» TASK PROMPT
Please repeat, exactly as they stand, the line containing "Full Drill - 5D" and the lines after it through the final line of the listing below, minus pictures.
####################
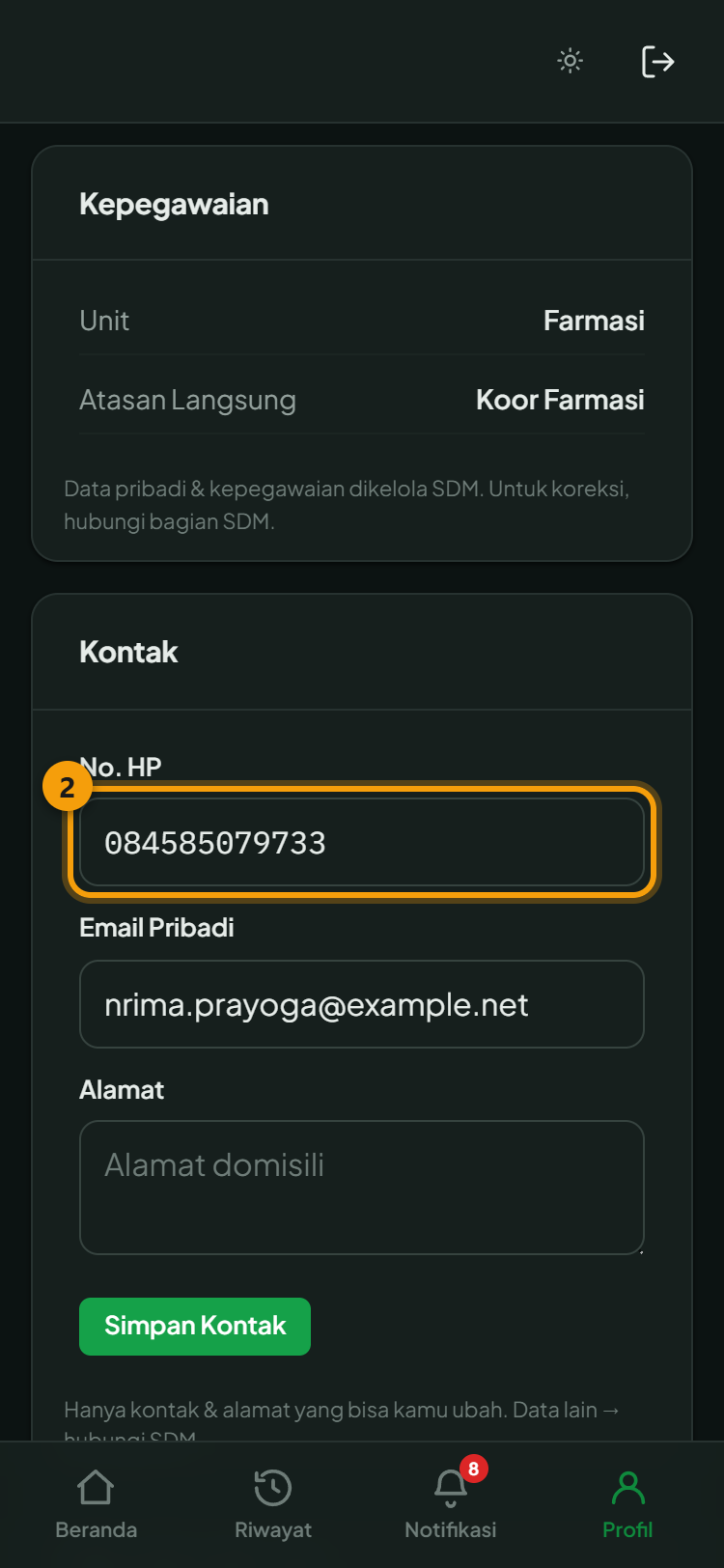 Profil: ② kontak yang boleh Anda ubah sendiri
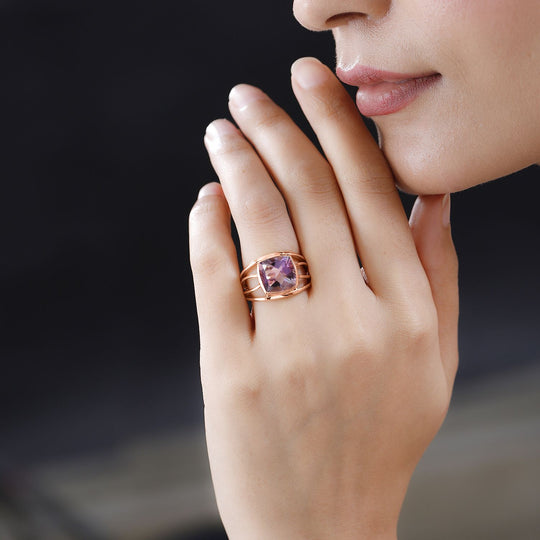 Rose De France Amethyst Ring, 925 Silber Roségold Vermeil (Größe 18.00) ca. 5.15 ct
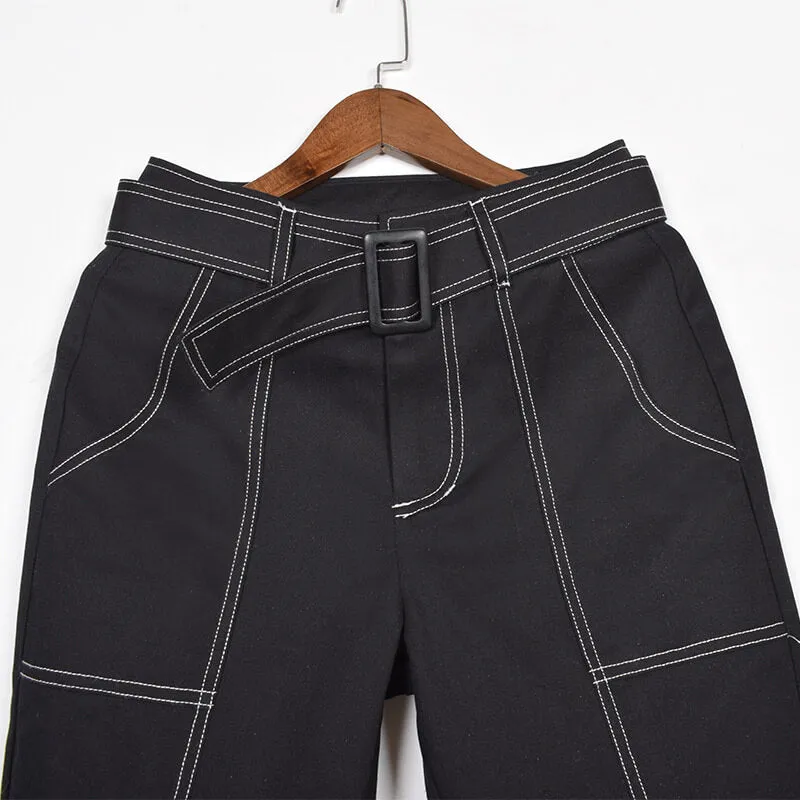 High Waist Elastic Ankle Belt Pocket Pants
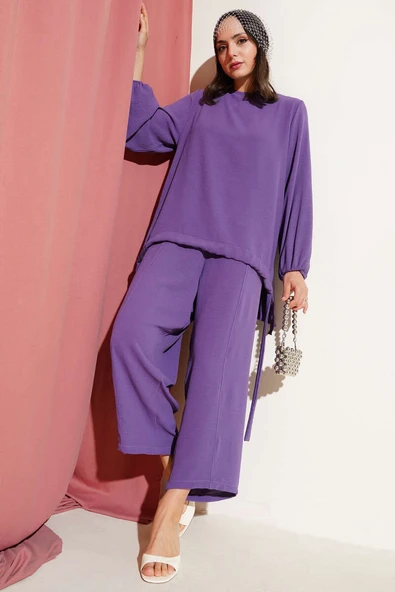 Ayrobin Şalvarlı İkili Takım Lila - Resim 2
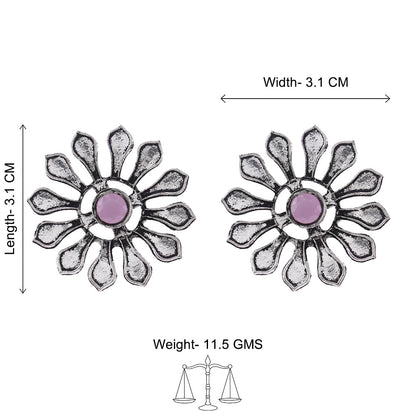 FlowerLoom Stud Earrings - Baby Pink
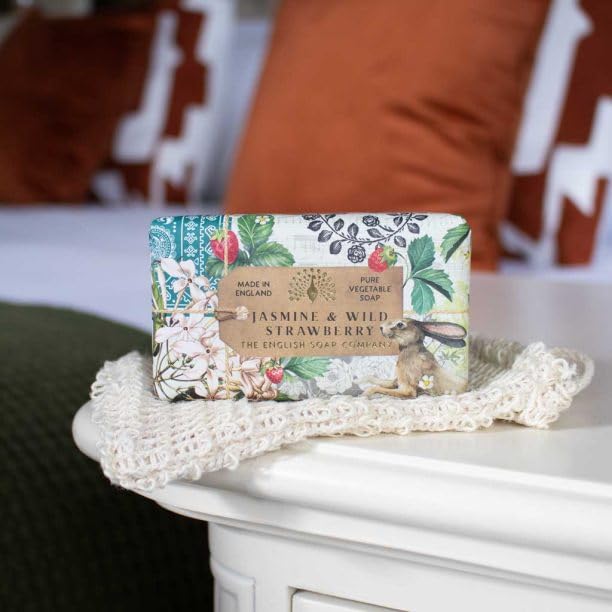 The English Soap Company Anniversary Edition Jasmine and Wild Strawberry Luxury Bar Soap Beauty & Personal Care The English Soap Company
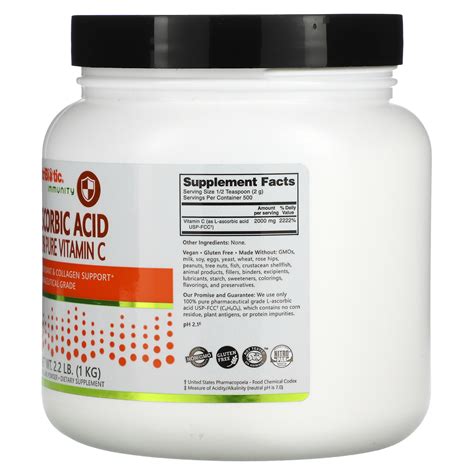 Nutribiotic Immunity Ascorbic Acid 100 Pure Vitamin C Crystalline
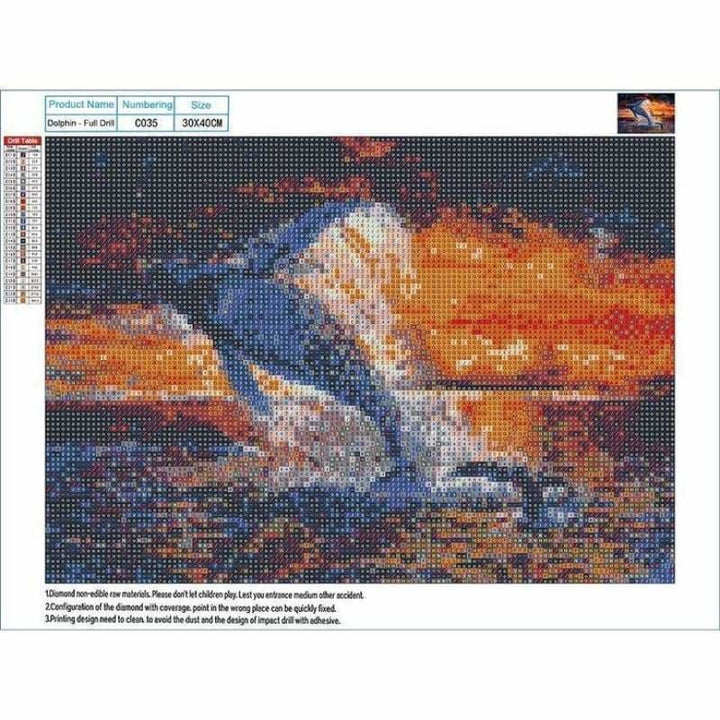 Full Drill - 5D DIY Diamond Painting Kits Artistic Dolphin -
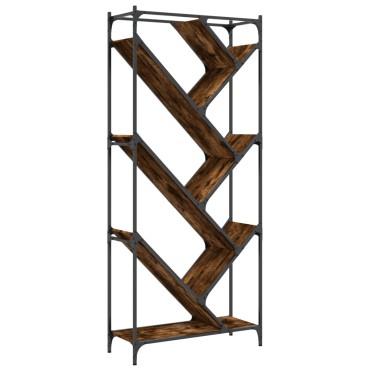 vidaXL Βιβλιοθήκη Καπνιστή Δρυς 79x30x180cm Επεξεργ. Ξύλο & Μέταλλο 1 τεμ.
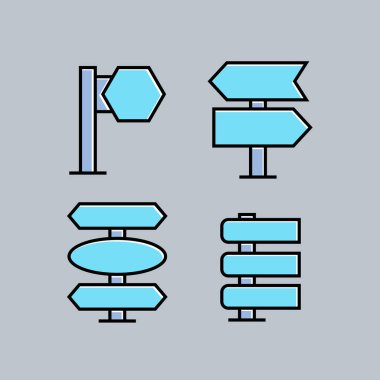 işaret simgeleri kümesi illüstrasyon seti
####################
» EXERCISE OUTPUT
 Full Drill - 5D DIY Diamond Painting Kits Artistic Dolphin -
 vidaXL Βιβλιοθήκη Καπνιστή Δρυς 79x30x180cm Επεξεργ. Ξύλο & Μέταλλο 1 τεμ.
 işaret simgeleri kümesi illüstrasyon seti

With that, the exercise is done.